De plus, la distribution vocale est probablement ce que l’on peut faire de mieux actuellement dans ce type de répertoire. Jonas Kaufmann livre un Radamès tantôt touchant, tantôt torturé et en tout cas psychologiquement et vocalement très élaboré. Son art du chant semble à son sommet: il parvient à alterner les nuances d’une seconde à l’autre et il livre un «Celeste Aida» sensible et émouvant qu’il se paie le luxe de terminer sur un pianissimo dont il a le secret. Son timbre, on le sait, assez sombre fait des merveilles dans les passages où le héros est en proie au doute comme dans la poignante scène avec Amneris à l’acte IV. Anja Harteros, qui comme Jonas Kaufmann aborde ici pour la première fois son rôle, le fait comme si elle l’avait toujours chanté. Le timbre est somptueux, le chant magistral, la ligne impressionnante, l’incarnation passionnée et émouvante à la fois, même s’il y a quelques raideurs dans certains aigus. L’Amneris d’Ekaterina Semenchuk n’est pas en reste avec son sens théâtral aigu, son timbre chaud et son aisance vocale sur toute la tessiture. Quant à Ludovic Tézier, il fait une magnifique démonstration de l’immensité de son talent et prouve une nouvelle fois qu’il est un des barytons verdiens les plus convaincants du moment. Phrasé lumineux, beauté du timbre et un legato hors pair font de lui un modèle du genre. Son duo avec Aïda au troisième acte est un moment particulièrement intense qui vous donne des frissons. Le Ramfis d’Erwin Schrott et le Roi d’Egypte de Marco Spotti font chacun montre d’une superbe tout à fait en situation. La prestation du jeune Paolo Fanale, récemment entendu à la Philharmonie de Paris, est également un modèle du genre. Il en est de même pour le très court rôle de Prêtresse, tenu à merveille par Eleonora Buratto.
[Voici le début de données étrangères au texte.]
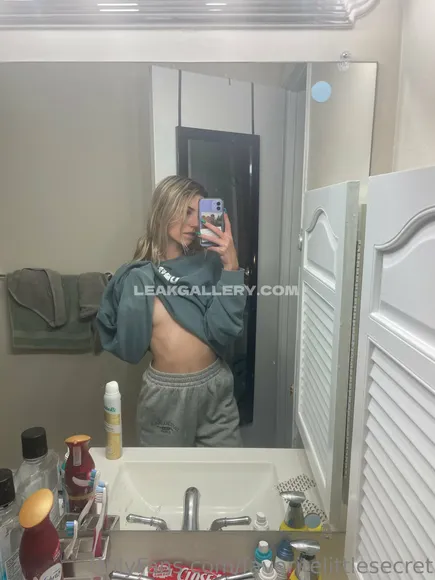 Favoritelittlesecret Exclusive Leaked Nude Onlyfans #3064314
On l’aura compris, il n’y aucun point faible dans cette distribution mais si les airs émerveillent tous les uns plus que les autres, c’est probablement dans les duos, clés de cet opéra, qu’Antonio Pappano et ses chanteurs distillent le plus, et avec un exceptionnel talent et une force dramatique rare, la quintessence de la musique de Guiseppe Verdi, une musique qui n’a jamais parue aussi géniale. On sait qu’Aïda est un opéra très gâté au disque avec notamment les superbes enregistrements de Karajan (1959), Solti (1962) et Muti (1974). Mais celui-ci se place sans aucun doute au niveau de ces exceptionnelles références, voire au-dessus... Tous les amateurs de Verdi, d’opéra, de beau chant, de direction d’orchestre, de grands orchestres, de chœurs d’opéra, de théâtre et de musique doivent impérativement acquérir cet enregistrement! Ils ne le regretteront pas car son écoute, outre qu’elle ravit, rend également heureux... Vivement Otello!